My dad is a pro a repairing any small motor engine, so I learned a lot growing up on how to repair them. My best advice is to run non-ethanol gas in any small engine. Ethanol will destroy the carburetors. It is worth the extra .20 a gallon to avoid and preventable breakdowns. It also will last a lot longer on the shelf than gasoline that contains ethanol. 


Chuck, I would first check the spark plug and make sure you are getting good fire. 
If you are you , then my bet is that you have some gunk in the carburetor. You're probably looking at ~$35 in a carb kit, or you can just choose to replace the entire carb.
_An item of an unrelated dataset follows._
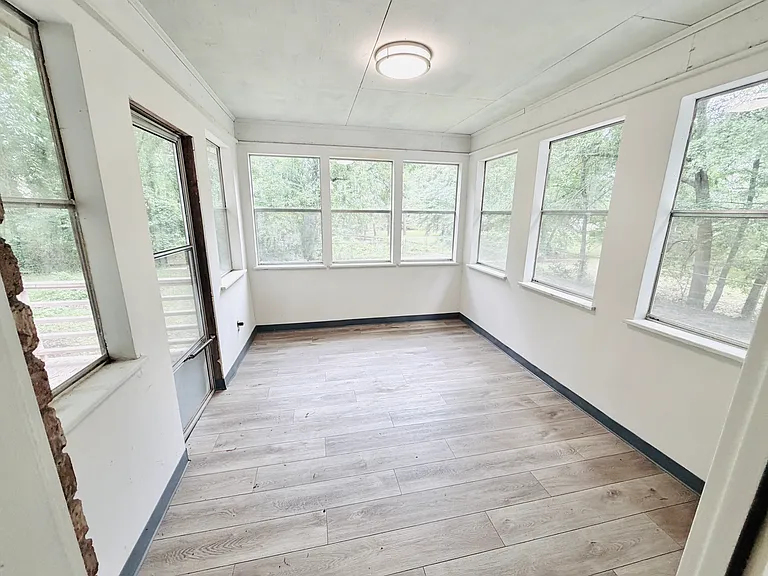7905 Castleton Ln — Photo 17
Reactions: Thank You! 1 | Agree 2


----------



## Nature Man (Sep 2, 2021)

Replaced the spark plug today, but did not have time to give it a test run. Tomorrow is D-Day! Chuck

Reactions: Like 1


----------



## Mr. Peet (Sep 3, 2021)

Trob115 said:


> I'm kinda chuckling. I was having a conversation with my grandfather a week or two ago about the stubbornness of Stihl and husq small engines. My Stihl blower, I pull it off 3 times on choke , then turn the choke off and it cranks right up. Any other routine, and it will not go.
> 
> My grandfather has a similar routine for his husq weed eater and it will flood if you don't follow his determined routine.
> 
> ...


Take a look at the pumps again and let me know if the $0.20 extra cents is still correct for ethanol-free gas. It is an extra $0.75 to $1 per gallon here.

Reactions: Agree 1


----------



## Trob115 (Sep 3, 2021)

Mr. Peet said:


> Take a look at the pumps again and let me know if the $0.20 extra cents is still correct for ethanol-free gas. It is an extra $0.75 to $1 per gallon here.




Geez that is crazy. It's hovering around $2.69 with ethanol and $2.95 here ethanol free.


----------



## Mike1950 (Sep 3, 2021)

Mr. Peet said:


> Take a look at the pumps again and let me know if the $0.20 extra cents is still correct for ethanol-free gas. It is an extra $0.75 to $1 per gallon here.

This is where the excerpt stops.